When the secular government enforced public-school desegregation, white conservative Christians just started their own schools.

Yet the unfailing fundamentalist mantra is that they alone stay true to Scripture while all others head down the path of cultural accommodation. (The opposite of what Bob Jones leaders admitted concerning their racist past.)

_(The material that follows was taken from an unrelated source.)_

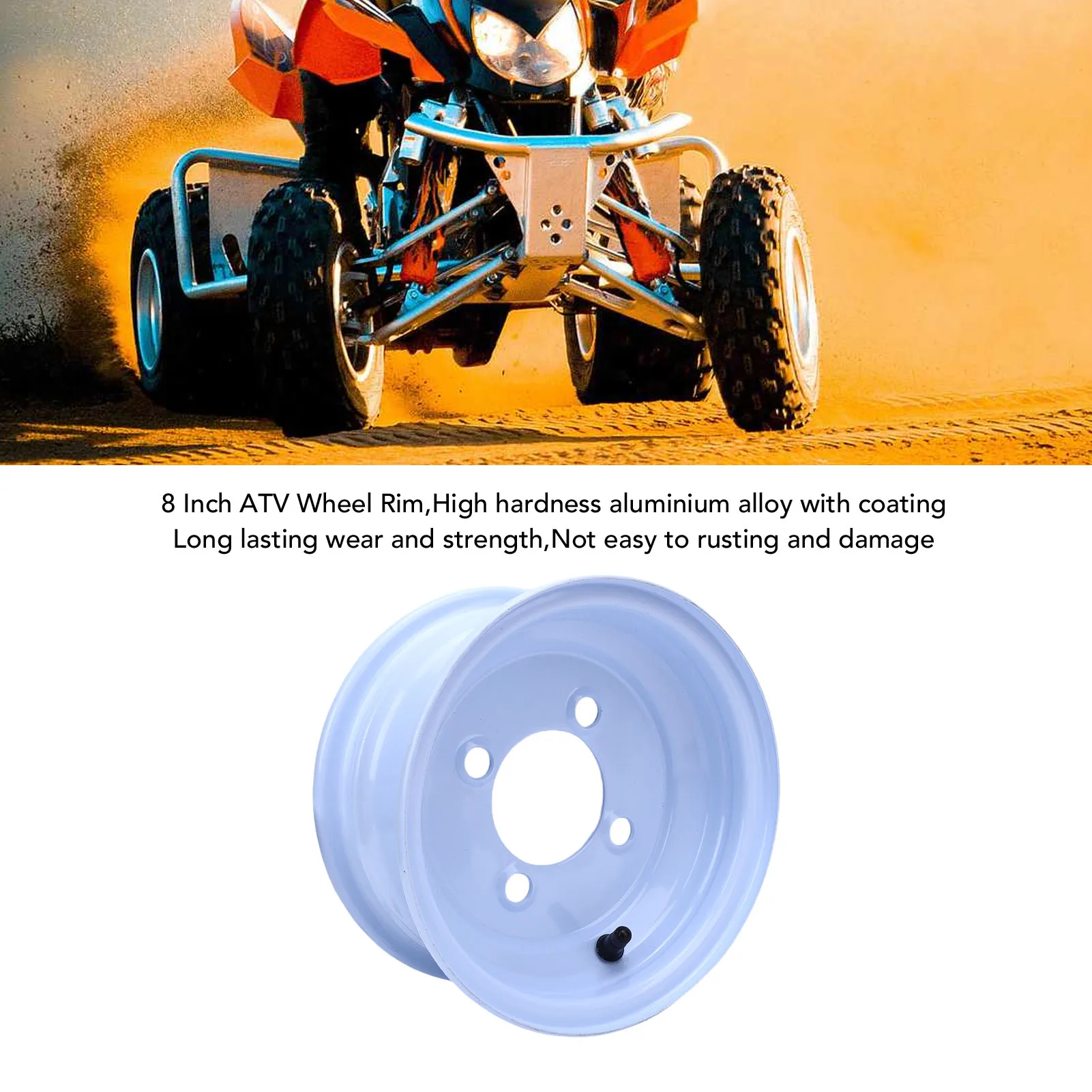 Velg Go Kart dengan Lapisan Anti Aus dan Cengkeraman yang Ditingkatkan 19X7-8, Velg ATV dengan Kekerasan Tinggi 4 Lubang untuk Sepeda Motor ATV, Sepeda Motor Trail, dan Mesin Pemotong Rumput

Just this fall, when the Georgia Baptist Convention pompously brushed aside the First Baptist Church of Decatur, Ga., for calling a female pastor, the charge was that the congregation had violated biblical truth and embraced secular social patterns. In a letter to the GBC newspaper, The Christian Index, pastor Bobby Braswell Jr. of Guyton, Ga., wrote that the convention's action is "not a popular position in today's cultural climate, but we are following the dictates of Scripture, not culture."

Brother Bobby, so said the Baptist slaveholders; so said the good Christians who forced "savages" off the land they wanted; so said the earlier leaders of Bob Jones University in forbidding African-American students from studying at their "Christian" school -- and on and on.

It is amazing how fundamentalist Christians -- many decades after societal change occurs due to the motivation provided by secular forces and more-attuned Christians and those of other faith traditions -- can confess that they "conformed to the culture" at the expense of biblical truth. Yet they cannot -- in the present tense -- humbly allow for even the remotest possibility that any current blind spots might exist.

If so, at the very least the self-righteous Georgia Baptist leadership would have left the Decatur congregation alone to suffer in their "error." But, no, they had to straighten them out.
Why? Because fundamentalists don't think Paul's admission that we all see through dark glass applies to them. Because they do not learn from their own tragic history.

Or, more specifically, it is because that is the nature of fundamentalism. It is marked by a resistance to change, a proclivity toward propping up one's predetermined belief system with isolated biblical texts, and an attitude of condemnation toward those (even other Christians) who would dare hold a different viewpoint.

Fundamentalist Christians are always denouncing "secular" society. But thank God for a secular court and a secular Constitution -- and open-minded, compassionate religious peoples of varied traditions -- that lead us to truth pertaining to basic (biblical) concerns of human justice.

But never fear ... somewhere way, way, way back there, the caboose will be coming.